In unserer letzten Ausgabe haben wir betont, wie wichtig es ist, die Forderungen zu konkretisieren. Nur wenn klar ist, wofür genau wir kämpfen, können wir auch überprüfen, ob unser Protest Früchte trägt. Die Demos im Herbst haben ganz viele KollegInnen als Befreiung wahrgenommen. So viel Frust und Ärger hat sich über die Jahre angestaut, ganz besonders in den Zeiten der Pandemie, in der die Belastung durch ständig neue Regeln ins Unermessliche gestiegen ist. Die Möglichkeit, endlich laut „Es reicht!“ rufen zu können und von der Öffentlichkeit gehört zu werden, wurde schon als Erfolg gewertet. Aber allen war klar, dass es weitergehen muss, um die Situation wirklich zu verbessern.
Die zusätzlichen AssistentInnenstellen, die die Stadt Wien zugesagt hat, wurde von allen nur als Frotzelei gewertet. Und auch das jüngst zugesagte 14,8 Mio. € Corona-Hilfspaket für die privaten Träger ist nur ein Tropfen auf dem heißen Stein (200 € pro Kindergartenplatz).
Wir müssen uns die Frage stellen, wie wir unsere Forderungen auch durchsetzen können. Eine einfache Wiederholung der Aktionen vom Herbst wird mit Sicherheit zu wenig sein. Die Erfahrung zeigt, dass man einen Kampf nur gewinnen kann, wenn man ihn ausweitet und verschärft. Das letzte halbe Jahr hat man dafür aber nicht genützt.
Wir wollen aber real etwas verändern. Dampf ablassen, ist zu wenig. Die Forderung nach „mehr Knödel“ für die Kindergärten, nach mehr Personal und kleineren Gruppen sind nicht verhandelbar. Außerdem braucht es eine bessere Entlohnung. Die Belastung wird immer größer, weil es an Personal mangelt, wegen Corona, wegen der vielen Dokumentationsarbeit. Aber wir werden nur dann etwas bekommen, wenn wir genügend Druck erzeugen können.
Das scheint die Gewerkschaftsführung noch nicht verstanden zu haben. Die younion schreibt zu der Frage „Warum demonstrieren wir und streiken nicht?“: „Da der vorherige Bildungsminister auf Grund unserer Demonstrationen kleine Signale der Bewegung gezeigt hat, setzen wir einmal noch auf dieses bewährte Mittel.“ Die „Bewegung“ hat sich aber darauf beschränkt, die Gewerkschaft zum Beirat für Elementarpädagogik einzuladen. Und die will sich gegenüber der eigenen Basis lieber offenhalten, welche Forderungen sie dort erheben will. Hauptsache, man sitzt mit der Regierung am Verhandlungstisch. So kann man einen Arbeitskampf nicht gewinnen! Jetzt wäre aber die richtige Zeit dafür. Denn bei den anstehenden 15a-Verhandlungen zwischen Bund und Ländern über die Finanzierung der Kindergärten muss es darum gehen, die von allen Regierungen der letzten 30 Jahre gewollte Unterfinanzierung der Elementarpädagogik zu beenden. Wenn für das Bundesheer und Unternehmensförderungen sofort Geld vorhanden ist, dann wohl auch für die Kinder und uns, die „Helden der Krise“.

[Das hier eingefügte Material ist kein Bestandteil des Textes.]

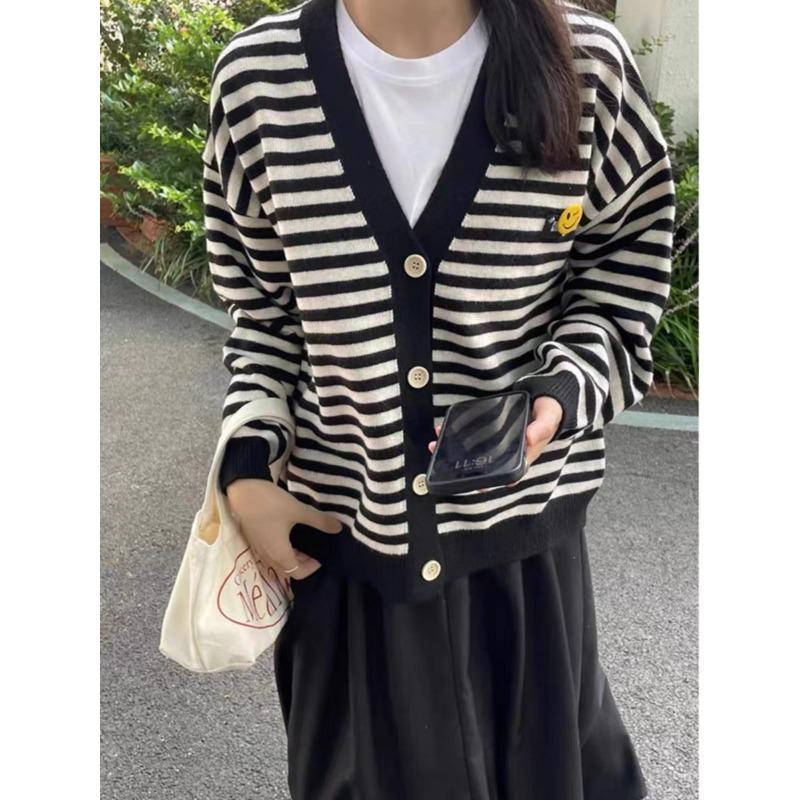 Autumn and winter new striped smiley face knitted cardigan sweater women's jacket fashionable versatile lazy V-neck long-sleeved top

Die jetzigen Demos, die jedenfalls in Wien Streikcharakter haben, sind eine gute Gelegenheit, unseren Unmut auf die Straße zu tragen. Wenn wir etwas verändern wollen, müssen wir aber zuerst einmal ausgehend von diesen Aktionen in unseren Gewerkschaften eine neue Protestkultur durchsetzen.
- Diskussion unserer Forderungen auf einer wienweiten Betriebsversammlung aller Beschäftigten der öffentlichen und privaten Kindergärten. Wahl eines Verhandlungsteams, das den KollegInnen rechenschaftspflichtig ist!
- Für die Mobilisierung von Eltern und Kindern! Für einen beitragsfreien Kindergarten für alle! Es geht um bessere Arbeitsbedingungen und eine optimale Betreuung und Bildung der Kinder!
- Für einen gemeinsamen Streik aller Gewerkschaften! Für eine Großdemonstration aller Betroffenen!
- Für mehr Personal – mehr Lohn – kleinere Gruppengrößen! Mehr Knödel für die Kindergärten! WIR WOLLEN ALLES!